The role of the Mad1 RLK motif

The RLK motif of Mad1 is essential for Mad1 SAC‐dependent kinetochore targeting and the site of direct contact with Bub1 (Brady & Hardwick, 2000; Kim et al, 2012; Heinrich et al, 2014). Except in a few species, such as C. elegans and X. laevis, the RLK motif is highly conserved (Appendix Fig S2B). However, until now the exact role the RLK motif plays in Bub1 binding has been unclear. Guided by our crystal structure, we investigated the role of individual residues of the RLK motif.

As previously discussed, the interface between Mad1 and Bub1 is mediated by a direct interaction between Mad1 Arg617 of the RLK motif and Bub1 pThr461 (Fig 3C). An alanine mutation of the Arg617 residue nearly abolishes Bub1CD1 binding by decreasing the affinity 1,000‐fold to the mM range, which confirms the crucial role of this interaction (Fig 4B and C, Appendix Fig S5A).

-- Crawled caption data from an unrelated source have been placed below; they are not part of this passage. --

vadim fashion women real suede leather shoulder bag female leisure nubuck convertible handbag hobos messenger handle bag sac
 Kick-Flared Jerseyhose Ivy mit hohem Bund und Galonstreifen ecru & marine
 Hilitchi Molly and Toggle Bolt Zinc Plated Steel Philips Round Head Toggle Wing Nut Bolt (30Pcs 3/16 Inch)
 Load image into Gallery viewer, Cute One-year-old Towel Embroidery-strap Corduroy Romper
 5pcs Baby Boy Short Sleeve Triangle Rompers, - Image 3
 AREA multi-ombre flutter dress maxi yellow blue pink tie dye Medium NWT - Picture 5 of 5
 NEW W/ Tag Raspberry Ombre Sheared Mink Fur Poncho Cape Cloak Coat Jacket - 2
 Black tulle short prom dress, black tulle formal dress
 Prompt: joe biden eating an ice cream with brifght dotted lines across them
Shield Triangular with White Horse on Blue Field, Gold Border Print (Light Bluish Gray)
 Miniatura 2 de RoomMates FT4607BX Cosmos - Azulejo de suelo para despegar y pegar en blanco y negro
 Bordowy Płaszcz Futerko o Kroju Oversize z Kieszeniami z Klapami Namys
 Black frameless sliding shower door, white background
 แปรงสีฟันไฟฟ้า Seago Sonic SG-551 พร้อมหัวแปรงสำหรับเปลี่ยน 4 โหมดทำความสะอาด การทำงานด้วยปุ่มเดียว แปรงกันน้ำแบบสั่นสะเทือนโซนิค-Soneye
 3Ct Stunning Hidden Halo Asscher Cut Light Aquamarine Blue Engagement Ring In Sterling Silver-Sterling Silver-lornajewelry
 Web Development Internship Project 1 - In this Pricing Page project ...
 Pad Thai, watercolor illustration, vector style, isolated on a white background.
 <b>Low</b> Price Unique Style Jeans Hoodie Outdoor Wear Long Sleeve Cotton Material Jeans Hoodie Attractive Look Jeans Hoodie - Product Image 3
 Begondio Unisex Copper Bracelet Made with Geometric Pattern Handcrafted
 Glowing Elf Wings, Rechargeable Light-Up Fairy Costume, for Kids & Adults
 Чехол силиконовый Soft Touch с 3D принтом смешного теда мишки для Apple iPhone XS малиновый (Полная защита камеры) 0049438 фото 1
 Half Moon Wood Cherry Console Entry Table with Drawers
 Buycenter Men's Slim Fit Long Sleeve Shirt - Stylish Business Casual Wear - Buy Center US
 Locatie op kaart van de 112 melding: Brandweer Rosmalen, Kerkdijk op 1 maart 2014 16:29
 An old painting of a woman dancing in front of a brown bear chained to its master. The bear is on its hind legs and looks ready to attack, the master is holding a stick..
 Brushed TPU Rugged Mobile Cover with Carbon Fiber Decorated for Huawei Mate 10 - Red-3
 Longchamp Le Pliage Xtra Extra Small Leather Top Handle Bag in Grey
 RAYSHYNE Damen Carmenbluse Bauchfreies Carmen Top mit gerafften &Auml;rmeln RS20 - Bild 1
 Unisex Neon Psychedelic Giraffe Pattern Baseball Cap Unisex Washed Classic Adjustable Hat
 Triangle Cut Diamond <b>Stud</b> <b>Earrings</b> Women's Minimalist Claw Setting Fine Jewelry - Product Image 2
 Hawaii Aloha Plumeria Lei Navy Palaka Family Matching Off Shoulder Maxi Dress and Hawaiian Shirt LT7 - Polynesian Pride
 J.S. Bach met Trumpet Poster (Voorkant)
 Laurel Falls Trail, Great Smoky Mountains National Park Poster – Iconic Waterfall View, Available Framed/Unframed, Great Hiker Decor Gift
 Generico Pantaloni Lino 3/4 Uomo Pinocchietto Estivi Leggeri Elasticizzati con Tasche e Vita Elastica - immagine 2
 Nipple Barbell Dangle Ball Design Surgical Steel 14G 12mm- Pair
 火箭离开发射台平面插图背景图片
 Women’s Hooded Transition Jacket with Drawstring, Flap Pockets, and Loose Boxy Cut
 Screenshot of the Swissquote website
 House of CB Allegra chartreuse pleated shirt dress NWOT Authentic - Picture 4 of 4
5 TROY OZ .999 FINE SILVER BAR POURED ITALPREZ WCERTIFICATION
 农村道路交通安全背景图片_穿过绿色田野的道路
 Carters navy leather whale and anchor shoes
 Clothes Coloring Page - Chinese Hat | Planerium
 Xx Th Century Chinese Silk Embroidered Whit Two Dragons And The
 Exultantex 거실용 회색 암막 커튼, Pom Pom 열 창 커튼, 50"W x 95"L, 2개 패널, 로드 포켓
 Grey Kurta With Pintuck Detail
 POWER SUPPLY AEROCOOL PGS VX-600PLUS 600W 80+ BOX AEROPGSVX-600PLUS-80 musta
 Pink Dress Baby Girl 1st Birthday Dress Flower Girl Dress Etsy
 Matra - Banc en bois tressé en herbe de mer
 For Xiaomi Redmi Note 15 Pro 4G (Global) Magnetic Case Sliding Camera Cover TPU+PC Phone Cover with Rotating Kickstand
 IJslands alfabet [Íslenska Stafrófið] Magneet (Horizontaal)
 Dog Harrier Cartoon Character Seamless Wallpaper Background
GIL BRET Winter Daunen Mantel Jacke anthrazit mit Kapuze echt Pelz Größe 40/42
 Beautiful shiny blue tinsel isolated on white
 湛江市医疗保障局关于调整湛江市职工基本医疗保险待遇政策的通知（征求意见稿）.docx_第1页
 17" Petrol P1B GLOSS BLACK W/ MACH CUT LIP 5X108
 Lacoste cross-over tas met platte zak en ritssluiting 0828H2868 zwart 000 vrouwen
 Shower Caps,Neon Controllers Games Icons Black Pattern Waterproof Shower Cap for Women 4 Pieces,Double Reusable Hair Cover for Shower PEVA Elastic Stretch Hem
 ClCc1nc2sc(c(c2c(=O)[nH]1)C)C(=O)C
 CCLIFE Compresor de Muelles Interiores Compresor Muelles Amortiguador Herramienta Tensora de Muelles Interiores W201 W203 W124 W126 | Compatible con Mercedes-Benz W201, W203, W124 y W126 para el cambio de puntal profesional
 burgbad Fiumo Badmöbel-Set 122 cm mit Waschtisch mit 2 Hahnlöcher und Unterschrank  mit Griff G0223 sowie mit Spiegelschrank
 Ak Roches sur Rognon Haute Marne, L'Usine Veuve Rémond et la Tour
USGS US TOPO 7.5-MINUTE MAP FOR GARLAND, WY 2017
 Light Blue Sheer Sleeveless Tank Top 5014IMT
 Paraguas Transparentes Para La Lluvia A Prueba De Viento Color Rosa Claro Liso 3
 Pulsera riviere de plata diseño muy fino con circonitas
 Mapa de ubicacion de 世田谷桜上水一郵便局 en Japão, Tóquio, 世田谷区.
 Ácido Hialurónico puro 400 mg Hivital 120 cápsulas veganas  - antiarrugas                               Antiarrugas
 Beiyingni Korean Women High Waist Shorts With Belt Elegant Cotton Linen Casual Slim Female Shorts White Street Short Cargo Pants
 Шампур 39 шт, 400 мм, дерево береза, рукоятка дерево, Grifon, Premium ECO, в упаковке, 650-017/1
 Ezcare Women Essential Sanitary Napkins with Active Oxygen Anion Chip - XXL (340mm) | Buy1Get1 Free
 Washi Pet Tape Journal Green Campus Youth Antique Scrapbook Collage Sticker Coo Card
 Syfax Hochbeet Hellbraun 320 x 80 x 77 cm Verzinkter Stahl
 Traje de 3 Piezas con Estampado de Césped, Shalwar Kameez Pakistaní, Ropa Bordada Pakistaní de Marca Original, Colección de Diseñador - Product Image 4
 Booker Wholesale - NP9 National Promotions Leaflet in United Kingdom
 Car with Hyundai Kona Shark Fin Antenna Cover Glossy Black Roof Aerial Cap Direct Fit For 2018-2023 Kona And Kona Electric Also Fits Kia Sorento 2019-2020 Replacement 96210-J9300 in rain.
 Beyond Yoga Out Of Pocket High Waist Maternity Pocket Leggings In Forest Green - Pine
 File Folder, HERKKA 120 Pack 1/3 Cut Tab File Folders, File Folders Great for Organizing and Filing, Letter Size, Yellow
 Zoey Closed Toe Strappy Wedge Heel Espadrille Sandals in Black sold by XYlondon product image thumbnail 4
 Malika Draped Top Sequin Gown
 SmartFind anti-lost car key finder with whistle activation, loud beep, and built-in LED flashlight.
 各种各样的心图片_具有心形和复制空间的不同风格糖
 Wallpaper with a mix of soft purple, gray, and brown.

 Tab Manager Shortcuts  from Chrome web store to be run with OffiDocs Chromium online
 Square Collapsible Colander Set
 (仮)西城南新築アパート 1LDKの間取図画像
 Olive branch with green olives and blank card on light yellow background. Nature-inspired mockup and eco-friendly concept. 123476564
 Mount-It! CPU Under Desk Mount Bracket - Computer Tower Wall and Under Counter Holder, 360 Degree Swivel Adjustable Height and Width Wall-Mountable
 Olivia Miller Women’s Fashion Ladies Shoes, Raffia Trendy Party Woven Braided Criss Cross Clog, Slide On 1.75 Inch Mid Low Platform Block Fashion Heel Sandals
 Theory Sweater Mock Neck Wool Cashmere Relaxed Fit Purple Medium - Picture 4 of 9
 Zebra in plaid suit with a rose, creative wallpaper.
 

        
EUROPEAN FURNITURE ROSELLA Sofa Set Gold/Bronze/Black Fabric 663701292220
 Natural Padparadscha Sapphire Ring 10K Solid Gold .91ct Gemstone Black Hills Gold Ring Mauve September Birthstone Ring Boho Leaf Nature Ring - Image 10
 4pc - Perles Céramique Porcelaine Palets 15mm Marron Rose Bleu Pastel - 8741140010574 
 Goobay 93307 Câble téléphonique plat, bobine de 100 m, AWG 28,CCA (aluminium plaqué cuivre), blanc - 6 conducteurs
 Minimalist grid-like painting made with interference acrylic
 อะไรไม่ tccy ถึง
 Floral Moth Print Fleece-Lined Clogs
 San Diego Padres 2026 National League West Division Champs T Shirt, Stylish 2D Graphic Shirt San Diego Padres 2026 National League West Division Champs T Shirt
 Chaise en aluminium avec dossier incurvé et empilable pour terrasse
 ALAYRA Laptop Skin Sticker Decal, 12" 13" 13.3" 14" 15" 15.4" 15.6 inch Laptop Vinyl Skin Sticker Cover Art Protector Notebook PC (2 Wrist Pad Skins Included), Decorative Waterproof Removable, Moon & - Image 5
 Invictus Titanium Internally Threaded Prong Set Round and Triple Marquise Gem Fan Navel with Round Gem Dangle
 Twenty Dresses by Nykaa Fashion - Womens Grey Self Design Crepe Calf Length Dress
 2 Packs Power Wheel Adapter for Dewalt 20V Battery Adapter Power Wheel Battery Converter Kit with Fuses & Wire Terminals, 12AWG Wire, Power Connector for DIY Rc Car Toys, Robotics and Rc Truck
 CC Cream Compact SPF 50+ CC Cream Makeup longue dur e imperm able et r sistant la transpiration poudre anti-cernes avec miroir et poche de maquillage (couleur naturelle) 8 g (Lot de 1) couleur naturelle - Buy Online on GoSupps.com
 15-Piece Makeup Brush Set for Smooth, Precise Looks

A L618A mutation of the RLK motif abolished Bub1 binding (Figs 3D and 4B and C; Appendix Fig S5B). This mutant had poor expression compared with wild‐type Mad1CTD, aggregated easily, and eluted more broadly from a size exclusion column (Fig EV1A). Leu618 lies between the coiled‐coil dimerization interface of the Mad1 homodimer (Fig 3D); however, SEC‐MALS verified that the purified mutant was a dimer (Fig EV1A). We therefore speculate that this mutant might perturb the Mad1 dimerization interface in the region of the RLK motif and possibly disrupt the Arg617 interaction with Bub1 pThr461. Furthermore, Leu618 contributes to the hydrophobic interface of Mad1CTD‐Bub1CD1 by forming a hydrophobic pocket with neighbouring Phe470 and Ile471 residues on the outside of the Bub1CD1 helix (Fig 3D). A L618A mutant would therefore weaken these hydrophobic interactions. Consequently, the lack of detectable interaction between Mad1CTD L618A and Bub1CD1 likely results from mis‐folding of the Mad1CTD dimer and disrupted Mad1CTD‐Bub1CD1 contacts.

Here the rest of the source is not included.